The UK government’s Law Commission will soon begin reviewing the laws around the taking and sharing of “non-consensual intimate images” as part of its efforts to keep pace with technological developments.

“The review, which will be launched shortly, will consider a range of disturbing digital trends such as ‘cyber-flashing’ – when people receive unsolicited sexual images of someone over the phone – and ‘deepfake’ pornography – the degrading practice of superimposing an individual’s face onto pornographic photos or videos without consent,” the Ministry of Justice said.

The review starts July 1 2019, and will deliver its report in the summer of 2021, with a view to proposing new laws to cover offences, where required.

Revenge porn is already one area in which the UK government has already made its position explicit: it’s now a specific offence, as well as also falling under a range of broader Acts. The same is true of other similar offences, which often come under the Sexual Offences Act 2003, or Section 33 of the Criminal Justice and Courts Act.

Deepfake pornography, on the other hand, is a more nascent technology – and one that could pose significant problems to overcome in the future.

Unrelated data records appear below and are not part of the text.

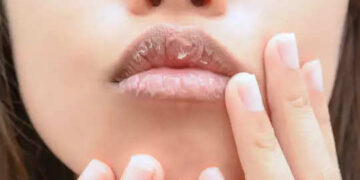 If your lips have cracked and turned black in the harsh winter, then try these home remedies, you will see soft skin in a week.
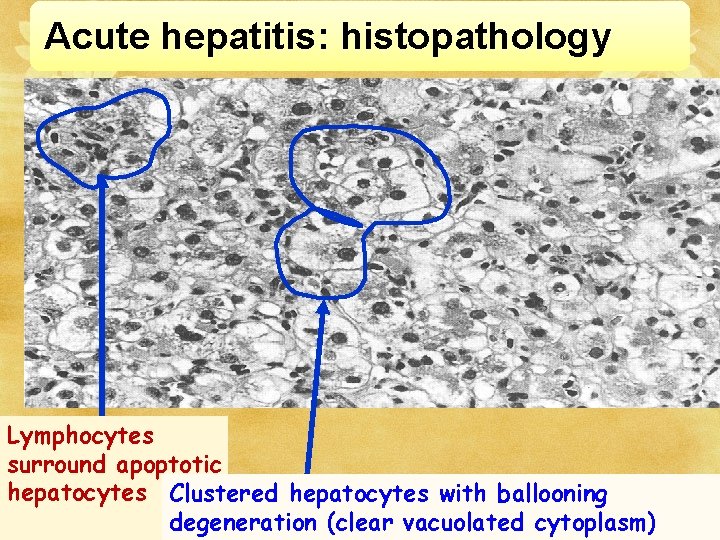 Acute hepatitis: histopathology Lymphocytes surround apoptotic hepatocytes Clustered hepatocytes with ballooning degeneration (clear vacuolated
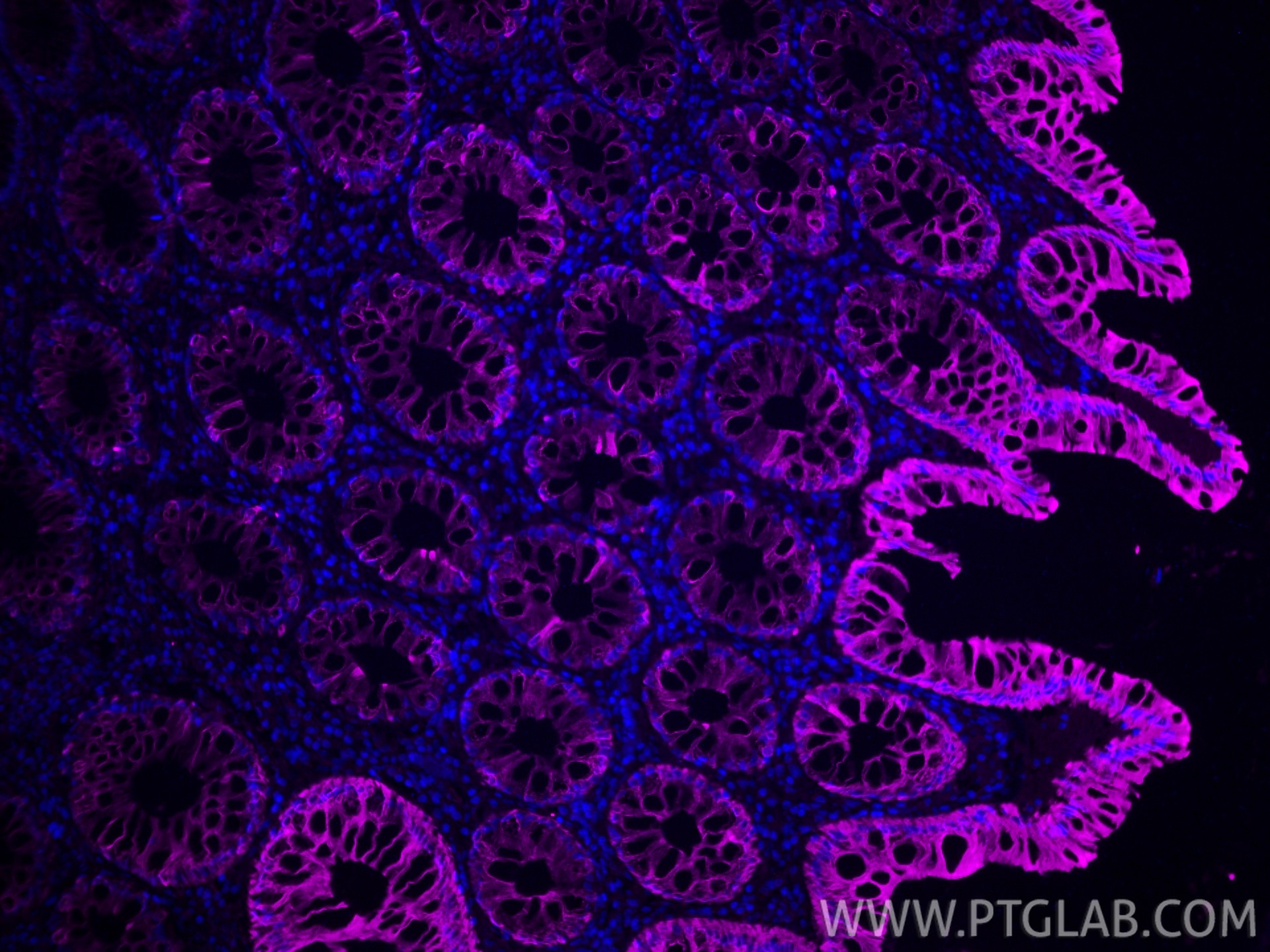 Immunofluorescence (IF) / fluorescent staining of human colon tissue using Cytokeratin 20 Recombinant monoclonal antibody (82428-1-RR)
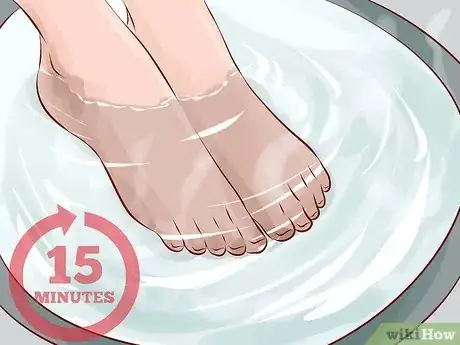 Image intitulée Treat Trench Foot Step 3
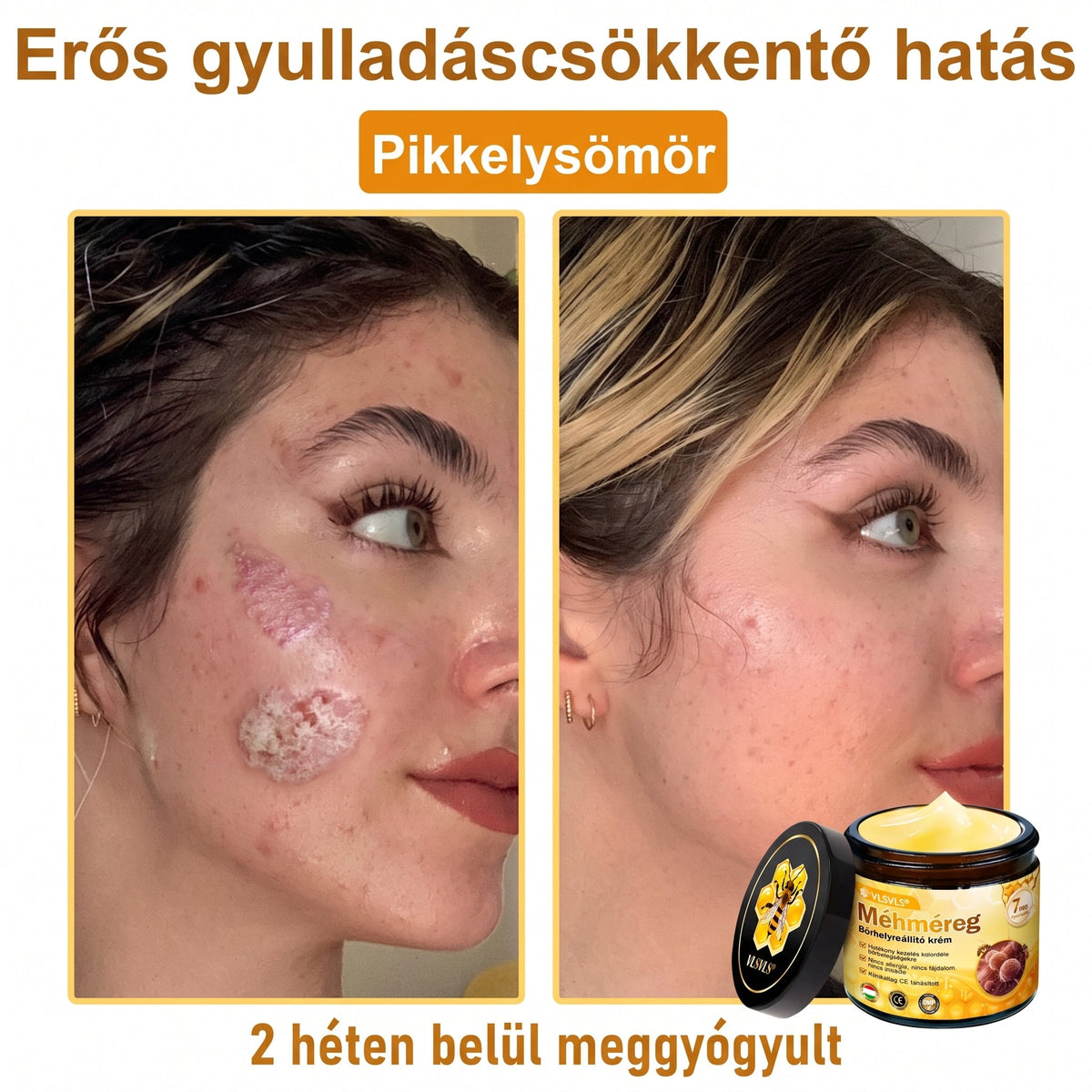 💝𝐕𝐋𝐒𝑽𝑳𝑺® 𝐌é𝐡𝐦é𝐫𝐞𝐠 𝐁ő𝐫 𝐇𝐞𝐥𝐲𝐫𝐞á𝐥𝐥í𝐭ó 𝐊𝐫é𝐦 (👨‍⚕‍CE Tanúsítvány)✅💟🏡✨ Magyarországon készült és innen szállítjuk 🌟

“No one should have to suffer the immense distress of having intimate images taken or shared without consent,” Justice Minister Paul Maynard said. “We are acting to make sure our laws keep pace with emerging technology and trends in these disturbing and humiliating crimes.”

The Ministry of Justice says that – in addition to the review – a public consultation will be launched seeking views from “victims, groups representing them, law enforcement, academics and anyone else with an interest in the issue”.